I write a love letter as an unconditional home for images that complete my a triad. Me, love-relation (deserved of the truly “love thy neighbor”), and processes. The margins of notebook paper are golden genitalia, and I am ringing around the thighs with ink-well thumbs and a pair of safety scissors. Staring into my own poems, addressed to work itself, to process itself, is a weaker version of the incantation to the love of the work itself and therefore the process of the very poem. A love letter is a poem. I have arrested myself mid-stanza before upon realization that I am mid-stanza and should be slapped for not having sold my blood to a piece of mailbox material. Yes, everything is the same and you are a child if you say so and mean it as an ends. I explain my differences now, forgetting the neurotic passiveness in forbidding myself from such points of note such as smells. No bit of my bastard tongue can recreate a smell, though I begin a mining operation to search for the present-eternal and an adequate juxtaposition to place my words to scent. In the love-letter, I open and close the envelope to breathe the wafting beams of fading roses and a desk of a light-stained wood. She will forget too her weaker versions in breathing the letter’s delights, and my words will only be an accessory as I hope them to be. My words, I wish, to be an accessory to scent and the incanted process of poetry in present-eternal prose. I write a love letter as an unconditional home for images that complete a wheel, leading me back to the unspoken point in a triad.
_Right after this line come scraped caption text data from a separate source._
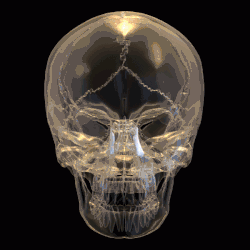 Vizualizace slzní kosti na lebce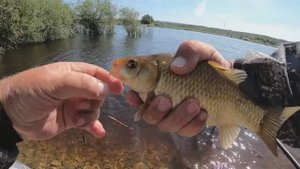 Ловля карася ловля сазана в большую воду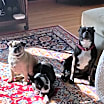 Thumbnail photo of Chiquita #4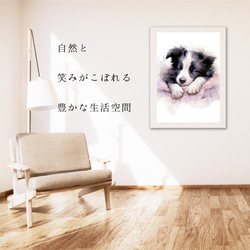 【夢心地 - ボーダーコリー犬の子犬 No.1】風水画 アートポスター 犬の絵 犬の絵画 犬のイラスト 6枚目の画像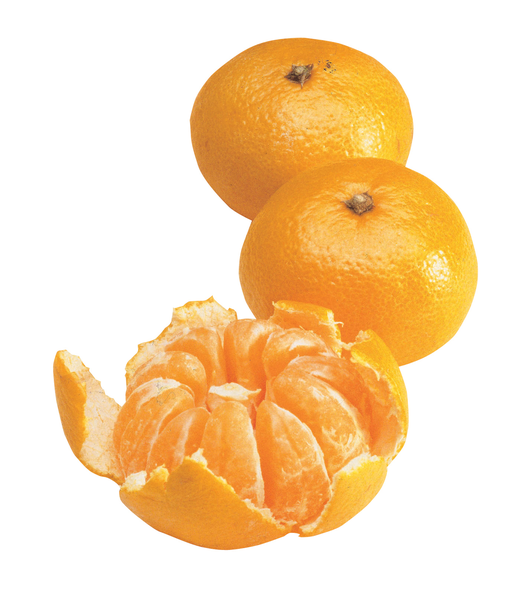 Satsuma luomu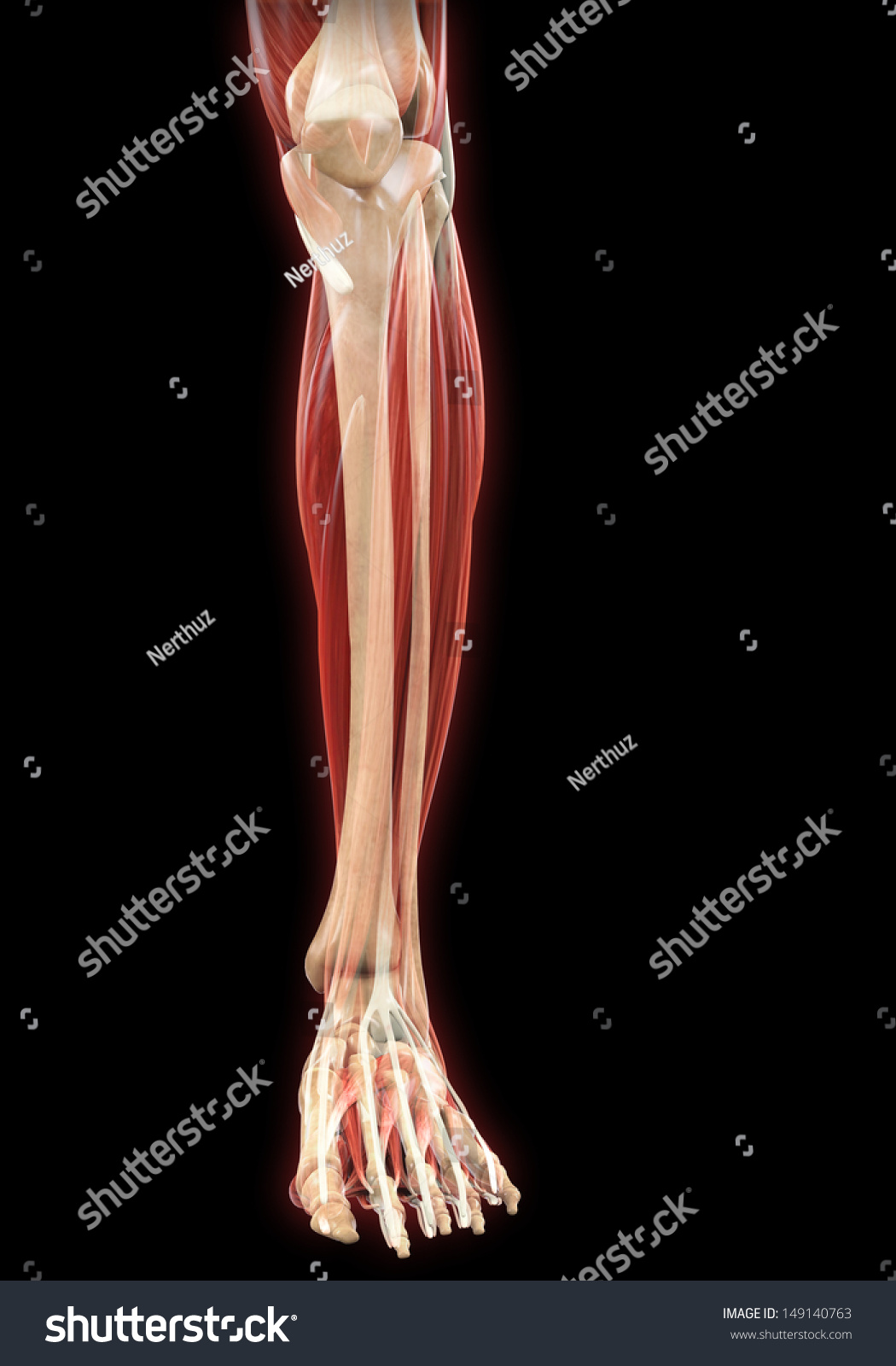 Lower Legs Muscles Anatomy Stock Illustration 149140763 | Shutterstock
You walk outside, a gun raffle is occurring outside your home. Three men riding three bicycles catch your attention upon the calling of the raffle-winner. An older figure approaches, a sex unto their own, and says to you “time will kill him.” A nausea pervades the form, and it’s as if a festering candid eroticism has gripped the humidity. The sky, strung with cloud-signs, does not cool you but strikes an intestinal disturbance in the pit of your qualms. Through a window across the street (sewage from the stone) a shadow pokes at a black type-writer, letters worn off the keys and all. A waltz floats into the air, and it is then that you compose an auria which the window-writer transcribes on the back of the periodic table of elements. You are more afraid than you have ever been, until a woman on a broken telephone says “not kids, men.” Somehow you cannot kick yourself enough to call yourself a nihilist after hearing her brief undigested utterance. The breach of the form has arrived. Idealizing circadian and the processes of “what is” has only given us more fetishes. Brief breath breathes the breathing breath.
I was lullabied half-past sleep;
the calm of calms
inspired by mute hexagon shards.
Passing the passed past
the hellish roll of erotic thunder
fetishized storm clouds
all thought we looked beautiful
sleeping miles by the thousand paired apart.
Live in a mirror-shroud;
kneeling down in the glass
for no vigil
"no home in no vigil"
so sayeth the sooth
and so you sayeth
when rest-bags come to quell
a belonged slither secret.
Like children we run in darkness,
naked pariahs wearing crowns of silk.